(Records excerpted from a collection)
___
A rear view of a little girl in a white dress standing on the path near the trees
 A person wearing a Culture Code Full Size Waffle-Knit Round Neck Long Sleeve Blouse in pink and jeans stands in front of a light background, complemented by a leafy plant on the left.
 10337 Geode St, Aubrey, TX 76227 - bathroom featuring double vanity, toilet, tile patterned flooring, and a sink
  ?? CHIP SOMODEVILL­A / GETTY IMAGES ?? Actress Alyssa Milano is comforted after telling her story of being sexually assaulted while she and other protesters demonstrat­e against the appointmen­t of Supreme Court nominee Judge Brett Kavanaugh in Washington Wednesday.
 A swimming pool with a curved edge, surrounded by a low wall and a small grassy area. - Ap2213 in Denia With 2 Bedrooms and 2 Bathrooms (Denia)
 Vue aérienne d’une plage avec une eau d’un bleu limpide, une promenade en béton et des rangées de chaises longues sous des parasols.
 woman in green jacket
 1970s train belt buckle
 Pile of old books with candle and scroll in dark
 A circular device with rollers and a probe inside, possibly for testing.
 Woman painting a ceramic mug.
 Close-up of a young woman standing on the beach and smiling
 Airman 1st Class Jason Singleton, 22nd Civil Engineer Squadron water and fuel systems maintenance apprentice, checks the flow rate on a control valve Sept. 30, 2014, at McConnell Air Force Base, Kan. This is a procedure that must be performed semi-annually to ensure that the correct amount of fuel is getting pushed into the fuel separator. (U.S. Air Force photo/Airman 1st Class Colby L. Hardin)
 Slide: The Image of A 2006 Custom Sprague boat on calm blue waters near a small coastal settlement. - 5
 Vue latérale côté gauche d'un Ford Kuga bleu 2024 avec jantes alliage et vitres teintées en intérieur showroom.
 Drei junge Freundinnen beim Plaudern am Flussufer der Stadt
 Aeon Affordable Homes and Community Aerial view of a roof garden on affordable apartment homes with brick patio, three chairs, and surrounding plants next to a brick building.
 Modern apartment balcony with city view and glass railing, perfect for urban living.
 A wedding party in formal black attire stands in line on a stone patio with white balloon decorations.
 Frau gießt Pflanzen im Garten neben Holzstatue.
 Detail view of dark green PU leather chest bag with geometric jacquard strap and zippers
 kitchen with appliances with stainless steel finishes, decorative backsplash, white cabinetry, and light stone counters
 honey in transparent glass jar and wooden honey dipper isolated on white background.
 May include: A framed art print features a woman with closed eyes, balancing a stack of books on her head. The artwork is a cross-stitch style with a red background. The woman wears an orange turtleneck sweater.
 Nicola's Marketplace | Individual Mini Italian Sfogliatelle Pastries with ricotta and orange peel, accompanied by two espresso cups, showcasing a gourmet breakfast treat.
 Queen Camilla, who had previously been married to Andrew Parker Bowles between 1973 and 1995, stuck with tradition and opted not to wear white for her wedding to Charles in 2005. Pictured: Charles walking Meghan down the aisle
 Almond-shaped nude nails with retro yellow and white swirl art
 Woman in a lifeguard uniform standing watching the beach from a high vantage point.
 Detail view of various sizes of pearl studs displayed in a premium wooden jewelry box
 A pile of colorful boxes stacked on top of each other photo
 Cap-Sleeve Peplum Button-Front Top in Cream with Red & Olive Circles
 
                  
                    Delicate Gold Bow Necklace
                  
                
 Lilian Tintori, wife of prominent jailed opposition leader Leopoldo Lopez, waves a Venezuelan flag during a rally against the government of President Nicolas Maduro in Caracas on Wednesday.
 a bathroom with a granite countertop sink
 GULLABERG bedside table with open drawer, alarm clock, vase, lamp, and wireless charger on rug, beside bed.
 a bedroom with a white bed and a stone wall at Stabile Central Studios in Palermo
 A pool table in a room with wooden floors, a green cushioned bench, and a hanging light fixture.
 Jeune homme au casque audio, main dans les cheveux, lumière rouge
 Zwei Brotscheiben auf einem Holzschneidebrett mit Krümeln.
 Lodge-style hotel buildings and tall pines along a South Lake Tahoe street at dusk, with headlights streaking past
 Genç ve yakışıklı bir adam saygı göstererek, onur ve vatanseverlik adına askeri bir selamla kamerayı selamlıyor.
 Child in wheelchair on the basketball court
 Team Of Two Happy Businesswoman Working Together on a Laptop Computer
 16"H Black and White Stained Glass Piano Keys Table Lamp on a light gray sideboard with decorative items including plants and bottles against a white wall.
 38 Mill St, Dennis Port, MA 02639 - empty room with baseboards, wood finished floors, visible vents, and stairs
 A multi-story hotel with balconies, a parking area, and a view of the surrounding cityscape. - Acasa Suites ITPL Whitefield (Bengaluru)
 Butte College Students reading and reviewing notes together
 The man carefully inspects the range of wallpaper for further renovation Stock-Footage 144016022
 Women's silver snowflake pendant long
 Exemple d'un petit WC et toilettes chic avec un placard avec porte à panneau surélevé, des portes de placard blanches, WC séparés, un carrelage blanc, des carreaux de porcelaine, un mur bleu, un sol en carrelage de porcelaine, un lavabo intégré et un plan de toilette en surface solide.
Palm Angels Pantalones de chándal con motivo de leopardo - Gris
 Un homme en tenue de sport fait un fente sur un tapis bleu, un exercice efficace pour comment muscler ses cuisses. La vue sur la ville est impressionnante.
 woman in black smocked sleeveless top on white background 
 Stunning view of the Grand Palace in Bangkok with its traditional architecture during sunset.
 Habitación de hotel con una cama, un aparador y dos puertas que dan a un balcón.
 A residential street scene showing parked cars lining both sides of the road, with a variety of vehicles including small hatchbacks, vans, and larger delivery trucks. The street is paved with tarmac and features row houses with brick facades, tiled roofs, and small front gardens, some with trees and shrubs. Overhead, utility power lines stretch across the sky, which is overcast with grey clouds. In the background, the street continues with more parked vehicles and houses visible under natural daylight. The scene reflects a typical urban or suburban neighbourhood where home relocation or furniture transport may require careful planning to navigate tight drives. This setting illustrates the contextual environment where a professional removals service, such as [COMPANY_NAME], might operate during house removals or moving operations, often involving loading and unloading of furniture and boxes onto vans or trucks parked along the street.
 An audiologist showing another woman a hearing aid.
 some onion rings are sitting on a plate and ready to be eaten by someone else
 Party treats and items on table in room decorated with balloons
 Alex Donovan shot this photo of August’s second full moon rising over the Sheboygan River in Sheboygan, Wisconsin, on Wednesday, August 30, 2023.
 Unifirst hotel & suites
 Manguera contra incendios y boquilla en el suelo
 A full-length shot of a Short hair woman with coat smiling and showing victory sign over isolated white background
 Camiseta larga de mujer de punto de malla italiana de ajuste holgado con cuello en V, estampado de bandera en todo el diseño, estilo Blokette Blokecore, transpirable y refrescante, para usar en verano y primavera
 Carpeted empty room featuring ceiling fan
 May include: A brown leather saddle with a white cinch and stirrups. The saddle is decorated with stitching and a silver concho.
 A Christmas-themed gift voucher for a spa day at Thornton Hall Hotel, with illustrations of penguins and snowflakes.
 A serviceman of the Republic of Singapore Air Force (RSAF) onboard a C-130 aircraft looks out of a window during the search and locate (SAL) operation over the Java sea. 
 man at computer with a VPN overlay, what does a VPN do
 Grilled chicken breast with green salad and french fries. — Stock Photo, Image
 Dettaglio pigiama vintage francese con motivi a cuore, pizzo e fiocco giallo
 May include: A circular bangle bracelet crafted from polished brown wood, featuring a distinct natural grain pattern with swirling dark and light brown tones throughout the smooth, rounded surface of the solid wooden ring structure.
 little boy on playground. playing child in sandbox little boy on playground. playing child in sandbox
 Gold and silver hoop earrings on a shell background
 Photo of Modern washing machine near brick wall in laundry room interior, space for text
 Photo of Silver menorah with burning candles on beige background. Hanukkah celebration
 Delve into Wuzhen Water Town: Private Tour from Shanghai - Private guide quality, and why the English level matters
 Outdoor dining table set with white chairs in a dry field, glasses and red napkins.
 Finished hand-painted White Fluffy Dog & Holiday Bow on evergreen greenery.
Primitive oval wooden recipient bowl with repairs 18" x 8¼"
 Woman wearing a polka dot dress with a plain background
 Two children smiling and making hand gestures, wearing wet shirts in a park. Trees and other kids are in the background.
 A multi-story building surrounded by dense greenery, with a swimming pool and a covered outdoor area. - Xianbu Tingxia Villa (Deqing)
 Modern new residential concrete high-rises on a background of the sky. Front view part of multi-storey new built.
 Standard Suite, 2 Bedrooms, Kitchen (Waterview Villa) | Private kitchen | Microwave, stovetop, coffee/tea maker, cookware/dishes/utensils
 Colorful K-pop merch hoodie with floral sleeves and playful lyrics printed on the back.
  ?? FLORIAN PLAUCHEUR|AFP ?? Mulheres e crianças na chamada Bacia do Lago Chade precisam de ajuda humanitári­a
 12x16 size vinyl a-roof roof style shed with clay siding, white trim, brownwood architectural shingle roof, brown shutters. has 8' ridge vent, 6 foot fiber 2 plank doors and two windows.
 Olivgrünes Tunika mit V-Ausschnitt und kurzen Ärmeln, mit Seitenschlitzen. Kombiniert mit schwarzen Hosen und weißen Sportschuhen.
___
#### PROBLEM STATEMENT
Exactly the lines from the one containing "Modern new residential" through the final line of the records above are needed, copied word for word.

#### EXERCISE SOLUTION
 Modern new residential concrete high-rises on a background of the sky. Front view part of multi-storey new built.
 Standard Suite, 2 Bedrooms, Kitchen (Waterview Villa) | Private kitchen | Microwave, stovetop, coffee/tea maker, cookware/dishes/utensils
 Colorful K-pop merch hoodie with floral sleeves and playful lyrics printed on the back.
  ?? FLORIAN PLAUCHEUR|AFP ?? Mulheres e crianças na chamada Bacia do Lago Chade precisam de ajuda humanitári­a
 12x16 size vinyl a-roof roof style shed with clay siding, white trim, brownwood architectural shingle roof, brown shutters. has 8' ridge vent, 6 foot fiber 2 plank doors and two windows.
 Olivgrünes Tunika mit V-Ausschnitt und kurzen Ärmeln, mit Seitenschlitzen. Kombiniert mit schwarzen Hosen und weißen Sportschuhen.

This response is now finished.